Since only the total is wanted, give the number of lines in the listing below that hold the string "Honda" and add nothing.

Source records -
====================
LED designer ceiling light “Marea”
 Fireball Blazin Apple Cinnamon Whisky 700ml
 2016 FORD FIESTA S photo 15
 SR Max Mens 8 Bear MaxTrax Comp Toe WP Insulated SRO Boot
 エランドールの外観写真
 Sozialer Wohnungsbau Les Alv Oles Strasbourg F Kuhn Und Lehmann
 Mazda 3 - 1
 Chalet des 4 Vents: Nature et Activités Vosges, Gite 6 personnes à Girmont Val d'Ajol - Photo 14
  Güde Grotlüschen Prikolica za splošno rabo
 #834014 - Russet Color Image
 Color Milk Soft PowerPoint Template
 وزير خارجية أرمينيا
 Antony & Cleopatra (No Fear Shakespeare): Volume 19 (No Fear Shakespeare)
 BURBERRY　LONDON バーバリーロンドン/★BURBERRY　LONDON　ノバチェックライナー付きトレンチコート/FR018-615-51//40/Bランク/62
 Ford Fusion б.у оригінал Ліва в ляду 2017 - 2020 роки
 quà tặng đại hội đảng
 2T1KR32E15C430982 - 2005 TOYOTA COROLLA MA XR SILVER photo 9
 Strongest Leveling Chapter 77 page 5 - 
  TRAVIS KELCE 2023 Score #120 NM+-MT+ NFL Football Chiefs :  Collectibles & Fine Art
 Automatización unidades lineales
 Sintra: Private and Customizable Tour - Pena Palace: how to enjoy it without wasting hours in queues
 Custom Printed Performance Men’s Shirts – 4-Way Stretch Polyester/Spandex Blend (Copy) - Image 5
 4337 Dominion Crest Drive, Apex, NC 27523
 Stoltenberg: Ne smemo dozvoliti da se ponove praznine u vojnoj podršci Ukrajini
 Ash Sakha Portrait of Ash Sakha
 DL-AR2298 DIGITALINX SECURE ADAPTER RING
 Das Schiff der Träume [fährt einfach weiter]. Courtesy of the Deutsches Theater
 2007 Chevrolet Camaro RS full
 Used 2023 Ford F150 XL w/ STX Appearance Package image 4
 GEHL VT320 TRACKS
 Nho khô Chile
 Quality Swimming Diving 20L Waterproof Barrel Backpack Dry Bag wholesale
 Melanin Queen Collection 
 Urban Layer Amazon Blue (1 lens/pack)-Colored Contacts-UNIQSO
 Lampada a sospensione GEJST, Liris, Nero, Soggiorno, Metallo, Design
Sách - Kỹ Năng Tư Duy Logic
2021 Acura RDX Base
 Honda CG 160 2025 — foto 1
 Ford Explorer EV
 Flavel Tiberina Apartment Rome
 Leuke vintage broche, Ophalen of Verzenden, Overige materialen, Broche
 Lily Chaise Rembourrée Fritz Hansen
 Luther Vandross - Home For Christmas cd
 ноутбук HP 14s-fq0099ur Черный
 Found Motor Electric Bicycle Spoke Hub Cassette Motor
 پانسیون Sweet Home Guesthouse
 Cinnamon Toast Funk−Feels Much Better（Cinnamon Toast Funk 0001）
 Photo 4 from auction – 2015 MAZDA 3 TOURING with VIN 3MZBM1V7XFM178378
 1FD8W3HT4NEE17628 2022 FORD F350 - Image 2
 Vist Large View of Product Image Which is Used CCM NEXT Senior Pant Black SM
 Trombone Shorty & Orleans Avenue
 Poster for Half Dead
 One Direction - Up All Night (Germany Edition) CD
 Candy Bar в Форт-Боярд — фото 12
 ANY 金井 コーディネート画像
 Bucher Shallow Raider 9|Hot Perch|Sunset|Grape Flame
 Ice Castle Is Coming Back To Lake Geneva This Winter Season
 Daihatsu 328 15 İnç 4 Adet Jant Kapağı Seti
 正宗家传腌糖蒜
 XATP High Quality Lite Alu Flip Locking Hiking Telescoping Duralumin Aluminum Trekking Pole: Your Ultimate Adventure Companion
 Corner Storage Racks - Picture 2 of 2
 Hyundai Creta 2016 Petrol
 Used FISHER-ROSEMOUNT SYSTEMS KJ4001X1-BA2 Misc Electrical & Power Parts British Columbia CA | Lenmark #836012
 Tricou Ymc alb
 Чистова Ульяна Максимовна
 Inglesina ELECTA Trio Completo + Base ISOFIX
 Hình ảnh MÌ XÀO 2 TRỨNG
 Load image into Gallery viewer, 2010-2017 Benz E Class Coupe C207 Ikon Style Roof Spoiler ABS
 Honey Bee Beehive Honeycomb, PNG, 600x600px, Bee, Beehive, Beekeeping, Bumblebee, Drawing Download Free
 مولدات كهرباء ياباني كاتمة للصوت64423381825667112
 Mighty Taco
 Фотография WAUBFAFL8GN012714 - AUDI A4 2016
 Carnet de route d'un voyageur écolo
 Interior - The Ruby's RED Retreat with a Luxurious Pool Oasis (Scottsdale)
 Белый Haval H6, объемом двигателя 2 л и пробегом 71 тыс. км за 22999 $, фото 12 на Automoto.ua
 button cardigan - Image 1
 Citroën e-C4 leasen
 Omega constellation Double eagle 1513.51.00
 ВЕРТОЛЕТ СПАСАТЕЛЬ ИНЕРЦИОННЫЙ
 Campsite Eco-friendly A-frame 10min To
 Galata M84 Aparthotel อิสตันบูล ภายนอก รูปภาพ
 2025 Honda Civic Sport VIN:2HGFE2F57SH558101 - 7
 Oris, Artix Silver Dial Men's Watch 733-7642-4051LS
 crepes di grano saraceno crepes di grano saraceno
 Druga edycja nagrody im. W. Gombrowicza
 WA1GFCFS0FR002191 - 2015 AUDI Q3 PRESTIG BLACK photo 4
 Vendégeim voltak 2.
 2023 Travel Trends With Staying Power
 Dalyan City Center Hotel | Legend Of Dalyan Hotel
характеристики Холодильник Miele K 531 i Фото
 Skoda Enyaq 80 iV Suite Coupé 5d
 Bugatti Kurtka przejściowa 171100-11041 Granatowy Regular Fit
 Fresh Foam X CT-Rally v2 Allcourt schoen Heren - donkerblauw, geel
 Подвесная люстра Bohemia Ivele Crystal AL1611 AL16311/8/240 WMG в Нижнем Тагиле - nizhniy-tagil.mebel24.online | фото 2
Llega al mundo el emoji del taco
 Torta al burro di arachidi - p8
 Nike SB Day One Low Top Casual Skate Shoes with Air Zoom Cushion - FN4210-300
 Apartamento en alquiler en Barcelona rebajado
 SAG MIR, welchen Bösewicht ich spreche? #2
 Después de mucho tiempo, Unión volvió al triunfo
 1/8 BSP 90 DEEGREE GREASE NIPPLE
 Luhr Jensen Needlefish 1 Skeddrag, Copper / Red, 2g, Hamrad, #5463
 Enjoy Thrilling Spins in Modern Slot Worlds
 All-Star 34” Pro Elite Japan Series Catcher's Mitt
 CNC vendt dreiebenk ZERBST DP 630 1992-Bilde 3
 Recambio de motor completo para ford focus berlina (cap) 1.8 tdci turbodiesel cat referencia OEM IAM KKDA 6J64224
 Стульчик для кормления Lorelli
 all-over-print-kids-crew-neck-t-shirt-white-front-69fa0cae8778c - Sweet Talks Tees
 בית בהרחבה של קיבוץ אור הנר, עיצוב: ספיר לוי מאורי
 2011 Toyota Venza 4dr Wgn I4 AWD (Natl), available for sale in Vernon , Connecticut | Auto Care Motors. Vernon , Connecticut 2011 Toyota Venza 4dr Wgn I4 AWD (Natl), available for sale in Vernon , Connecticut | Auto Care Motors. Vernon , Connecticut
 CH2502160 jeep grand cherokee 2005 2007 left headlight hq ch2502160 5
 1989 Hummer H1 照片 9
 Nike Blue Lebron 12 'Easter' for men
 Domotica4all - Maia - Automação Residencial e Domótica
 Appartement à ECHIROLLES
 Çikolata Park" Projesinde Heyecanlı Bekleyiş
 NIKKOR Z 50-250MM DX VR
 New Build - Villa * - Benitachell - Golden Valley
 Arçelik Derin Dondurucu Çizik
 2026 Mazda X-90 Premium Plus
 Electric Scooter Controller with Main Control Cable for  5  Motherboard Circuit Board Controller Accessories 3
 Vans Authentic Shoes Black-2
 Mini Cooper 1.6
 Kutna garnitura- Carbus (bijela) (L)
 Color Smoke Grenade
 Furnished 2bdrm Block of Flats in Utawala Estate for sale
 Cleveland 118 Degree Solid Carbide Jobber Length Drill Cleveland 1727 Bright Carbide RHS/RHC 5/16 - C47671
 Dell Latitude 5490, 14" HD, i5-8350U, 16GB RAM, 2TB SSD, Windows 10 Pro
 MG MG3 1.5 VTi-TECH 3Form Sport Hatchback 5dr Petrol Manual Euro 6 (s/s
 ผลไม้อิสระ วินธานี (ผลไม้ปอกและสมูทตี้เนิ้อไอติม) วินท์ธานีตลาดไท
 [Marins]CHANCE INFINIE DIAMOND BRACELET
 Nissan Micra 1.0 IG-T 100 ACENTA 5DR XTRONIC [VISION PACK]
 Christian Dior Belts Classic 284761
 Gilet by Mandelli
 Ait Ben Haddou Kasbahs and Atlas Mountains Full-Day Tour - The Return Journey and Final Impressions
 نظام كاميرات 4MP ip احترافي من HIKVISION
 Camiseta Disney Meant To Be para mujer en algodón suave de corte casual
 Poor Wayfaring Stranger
====================
Response box -
2